▶ [TASK TO COMPLETE] Extract the run of lines that starts at the top of the records below and ends at the line with "Special Heroes: Wind", keeping both ends and excluding pictures.

▶ [EXERCISE MATERIALS]
● ● ● ● ●

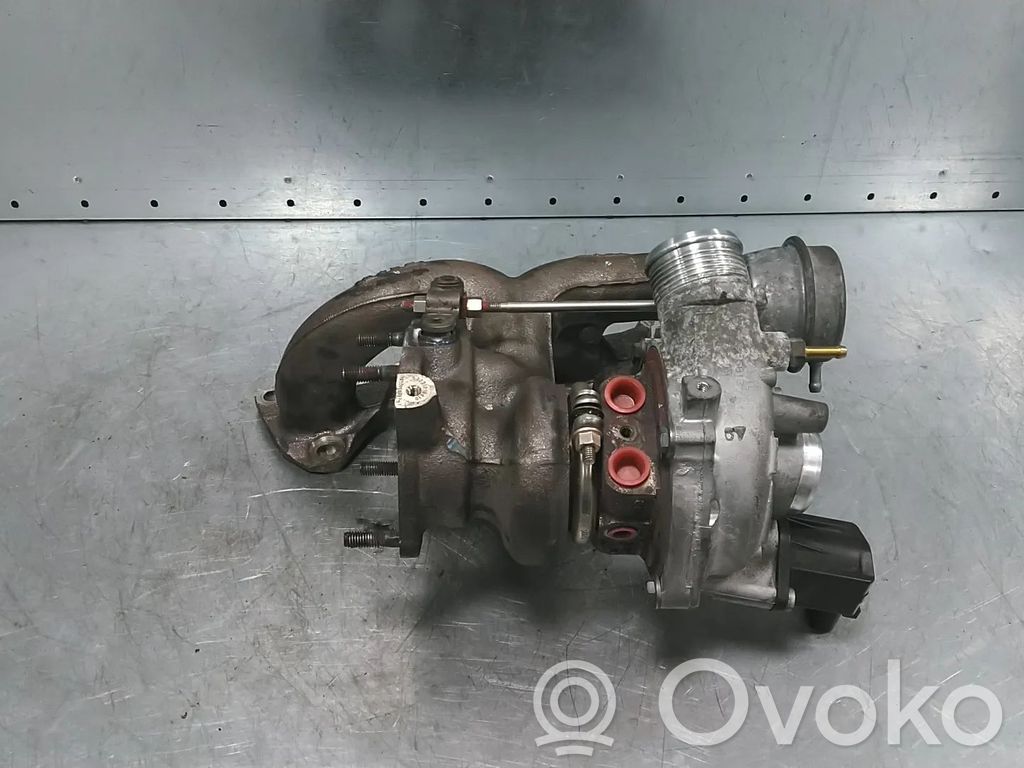 Turbocompresseur Volkswagen Touran II 1.4L Essence – 03C145703BX – Occasion
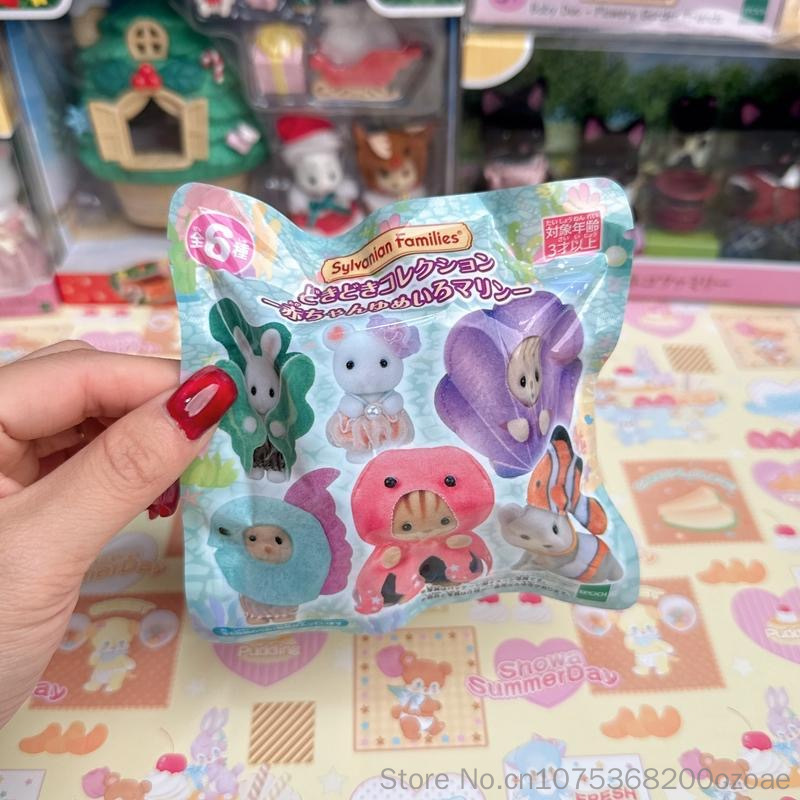 Hot Genuine Sylvanian Families - Marine Aquarium & Regional Centre Photos ulasan dan harga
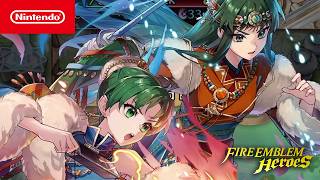 Special Heroes: Wind Bound (Fire Emblem Heroes) screenshot 1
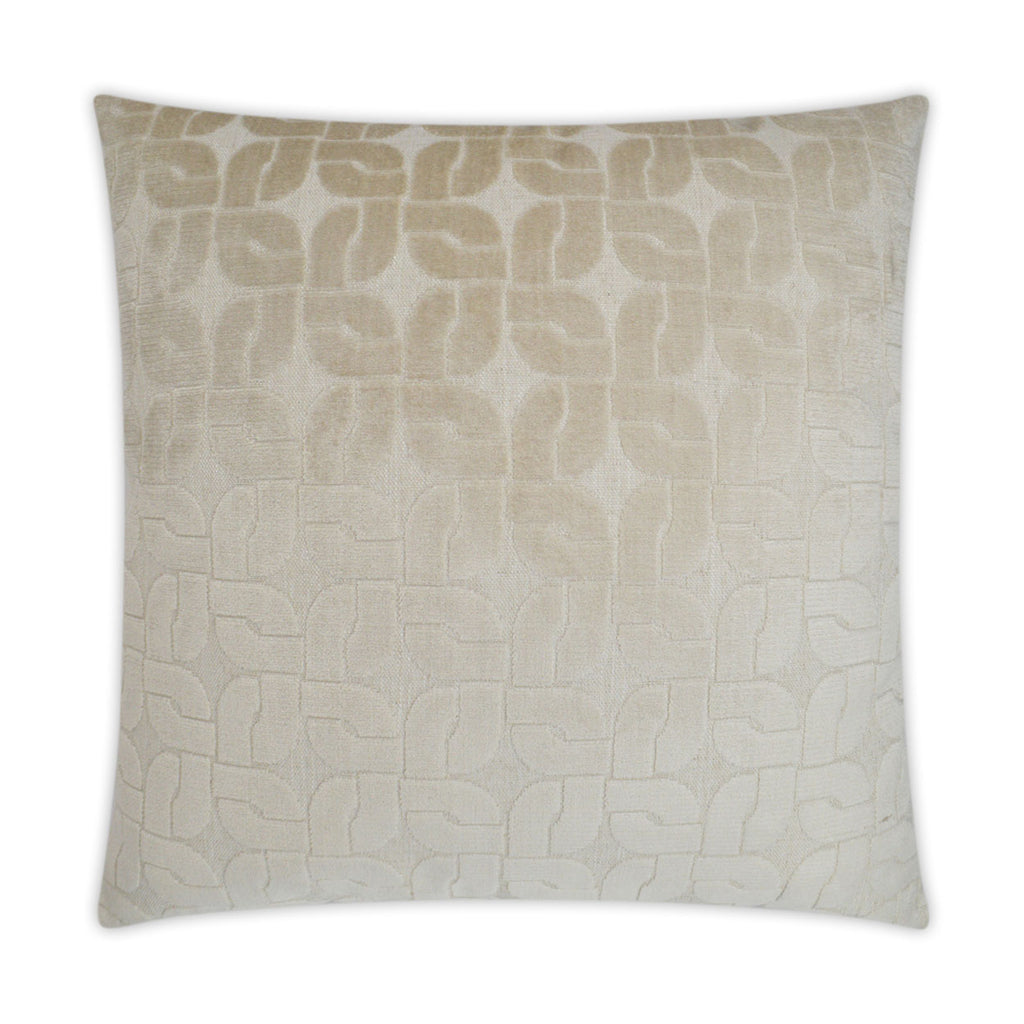 Haven Decorative Throw Pillow - Alabaster | DV Kap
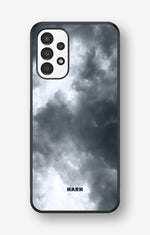 Samsung Galaxy A13 Hard Case – Cloudy - View 1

● ● ● ● ●

▶ [ANSWER TO THIS EXERCISE]
 Turbocompresseur Volkswagen Touran II 1.4L Essence – 03C145703BX – Occasion
 Hot Genuine Sylvanian Families - Marine Aquarium & Regional Centre Photos ulasan dan harga
 Special Heroes: Wind Bound (Fire Emblem Heroes) screenshot 1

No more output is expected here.